Amendment 143, page 54, leave out lines 7 to 16 and insert

‘In England the ballot shall be as follows:

Front of ballot paper

Rank your preference for the system for electing members to the House of Commons Please rank in order of preference (1,2,3) You must mark at least one number on the ballot

Alternative Vote

First Past the Post

Single Transferable Vote



In Wales, the ballot paper shall be as follows:

Front of ballot paper

Graddiwch pa gyfundrefn o ethol aelodau i Ty’r Cyffredin sydd well gennych chi

Rhowch pa gynfundrefn sydd well gennych chi yn ôl trefn blaenoriaeth (1,2,3) Rhaid i chi farcio o leiaf un rhif ar y papur pleidleisio.

Rank your preference for the system for electing members to the House of Commons Please Rank in order of preference (1,2,3) You must mark at least one number on the ballot.

Pleidlais Amgen/ Alternative Vote

Cyntaf i’r Felin/ First Past the Post

Pleidlais Sengl Drosglwyddadwy/ Single Transferable Vote



In Scotland, the ballot paper shall be as follows:

Front of ballot paper

Rangaich do roghainn a thaobh an t-siostaim taghaidh buill gu Taigh nan Cumantan Rangaich iad a rèir do roghainn (1,2,3) Feumaidh tu co-dhiù aon àireamh a chomharrachadh sa bhaileat. Rank your preference for the system for electing members to the House of Commons Please Rank in order of preference (1,2,3) You must mark at least one number on the ballot.

Bhòt Eadar-rognach/ Alternative Vote

A’Chiad Bhuannaiche/ First Past the Post

Bhòt Mhalairteach Shinglite/ Single Transferable Vote





Amendment 20, page 54, leave out lines 9 to 16 and insert—

Vote (X) once for question 1

1. Do you want to change the current “first past the post” system for electing Members of Parliament to the House of Commons

Yes

No

Then list your preference for what new system might be adopted by numbering 1, 2, 3 for question 2

2. If there was a change do you want the United Kingdom to adopt:

(a) The “alternative vote” system or

(b) The “additional member system” or

(c) The “single transferable vote” system with three member constituencies?’.



Government amendment 232.

Amendment 223, page 54, line 12, after ‘vote’, insert ‘plus’.
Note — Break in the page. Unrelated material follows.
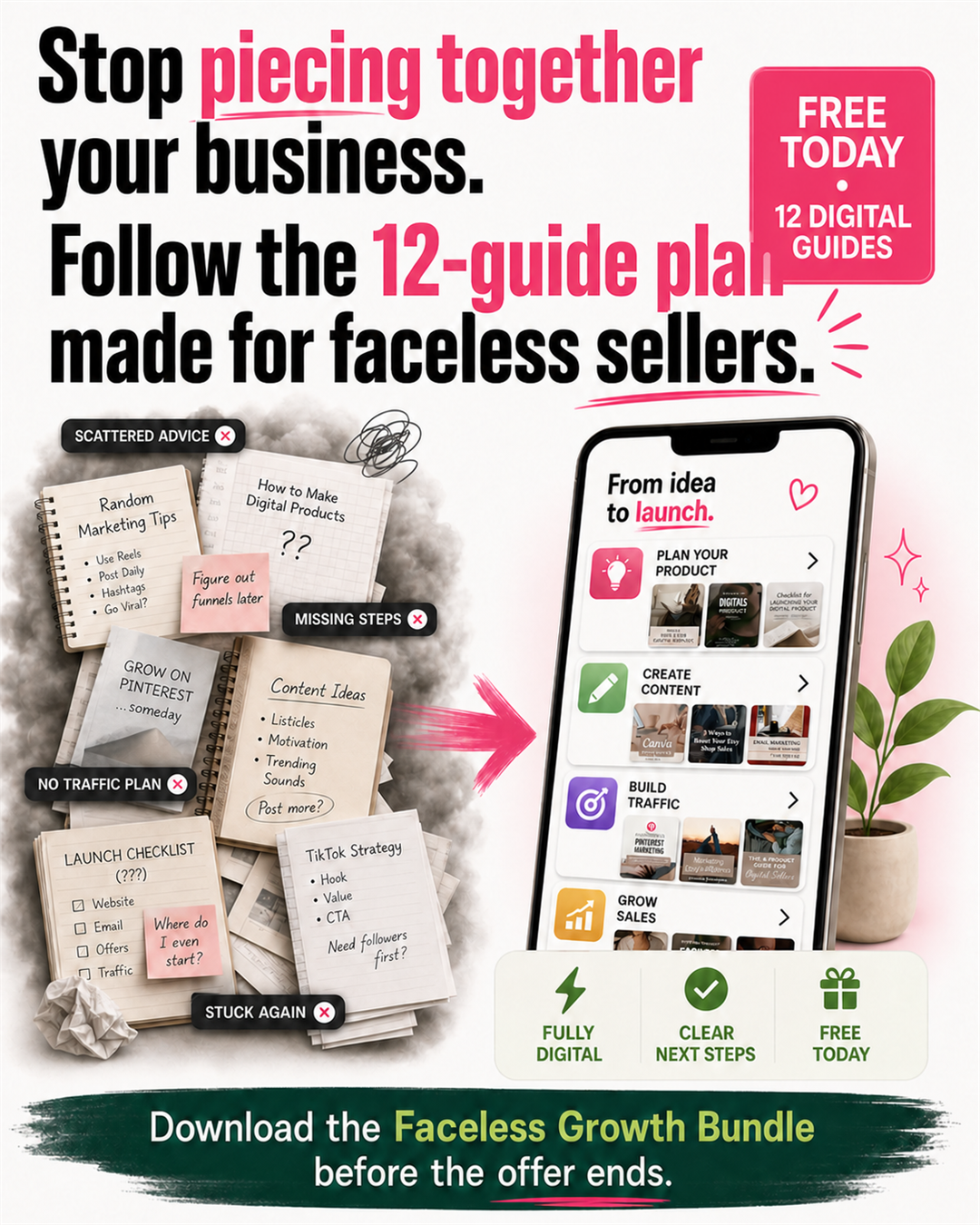 Faceless Profit Facebook ad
Amendment 21, page 55, leave out line 3.

Amendment 22, page 55, line 4, leave out ‘question’ and insert ‘questions’.

Amendment 23, page 55, line 5, leave out ‘question’ and insert’ questions’.

Amendment 24, page 55, leave out line 20.

Amendment 25, page 55, line 25, leave out ‘question’ and insert ‘questions’.

Amendment 26, page 55, line 26, leave out ‘question’ and insert ‘questions’.

Amendment 27, page 55, line 27, leave out ‘question’ and insert ‘questions’.

Amendment 28, page 55, line 32, leave out ‘question’ and insert ‘questions’.

Amendment 46, page 57, line 15,after ‘only’, insert

‘in relation to question 1, and indicate your preferences in relation to question 2’.

Amendment 47, page 57, line 18, leave out ‘you are voting for’ and insert

‘to question 1 you are voting for, and indicate your preferences in relation to question 2’.

Amendment 48, page 58, line 32, after ‘only’ insert

‘in relation to question 1, and indicate your preferences in relation to question 2’.

Amendment 49, page 59, line 2, leave out ‘you are voting for’ and insert

‘to question 1 you are voting for, and indicate your preferences in relation to question 2’.

Amendment 50, page 60, line 6, leave out ‘you are voting for’ and insert

‘to question 1 you are voting for, and indicate your preferences in relation to question 2’.

Amendment 51, page 60, line 7 after ‘only’ insert

‘in relation to question 1, and indicate your preferences in relation to question 2’.

Amendment 52, page 63, line 15, leave out ‘you are voting for’ and insert

‘to question 1 you are voting for, and indicate your preferences in relation to question 2’.

Amendment 53, page 63, line 17, after ‘only’, insert

‘in relation to question 1, and indicate your preferences in relation to question 2’.

Amendment 54, page 67, line 5, leave out ‘you are voting for’ and insert

‘to question 1 you are voting for, and indicate your preferences in relation to question 2’.

Amendment 55, page 67, line 9, after ‘only’, insert

‘in relation to question 1, and indicate your preferences in relation to question 2’.

Amendment 56, page 73, line 5, leave out ‘you are voting for’ and insert

‘to question 1 you are voting for, and indicate your preferences in relation to question 2’.

Amendment 57, page 73, line 7, after ‘only’ insert

‘in relation to question 1, and indicate your preferences in relation to question 2’.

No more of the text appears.